Challenge: Since the introduction of mobile technology in data collection and management e.g. use of table, the idea of near-real-time monitoring was born through use of CATI (computer assisted telephone interviewing) methods such as mVAM and others, but never has it been real like now after COVID-19 created barriers to the traditional data collection methods. This opportunity created by the pandemic should be extended beyond data colleciton using CATI to developing scientifically accepted methods on the use of remotely collected data e.g. sampling, in order to have acceptable evidence that informs policy. One of the challenges that remotely collected data face (mainly from academia) is mainly around representativeness and sampling.
Use case: In countries such as Yemen where traditional data collection is often a challenge due to conflict, the opportunity created is an acceptance by majority of stakeholders to expand the use of CATI methods in key informant interviews (KII) e.g. market price monitoring, agriculture extension services, desert locust monitoring and agriculture input survey as well as household food security and livelihood surveys. Such interviews are providing higher frequency data used to monitor the impact of the pandemic and can dynamically be adopted to new stressors and shocks as they emerge. Therefore, the use of remote data collection has a dual advantage in conflict countries i.e. high frequency data collection (although sample may be smaller – challenge stated above) and agility to monitor new shocks as they emerge.
Design: Real-time monitoring systems should be designed in a simple and easy to use methods in order to be useful and easily adopted in the country. As mentioned above, the main challenge remains the extent to which analyses generated from such systems can be generalized to inform policy and other decision making. Unlike in development work where time is not a major factor, in humanitarian context time is of essence and quick turnaround from data collection to decision-making can mean life or death for large populations.
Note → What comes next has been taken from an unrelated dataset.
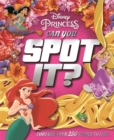 Disney Princess: Can You Spot It? - Book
Therefore, in such context, real-time monitoring should be designed in a way that allows, as much as possible, generalization that are solid and trust-worthy in as much as the statistical requirements of randomly selected sample are not fully met. In Yemen, due to lack of a sampling frame of telephone numbers, the current remote data collection utilizes information form past beneficiaries and using that list as a sampling frame, a small sample is selected for interviews.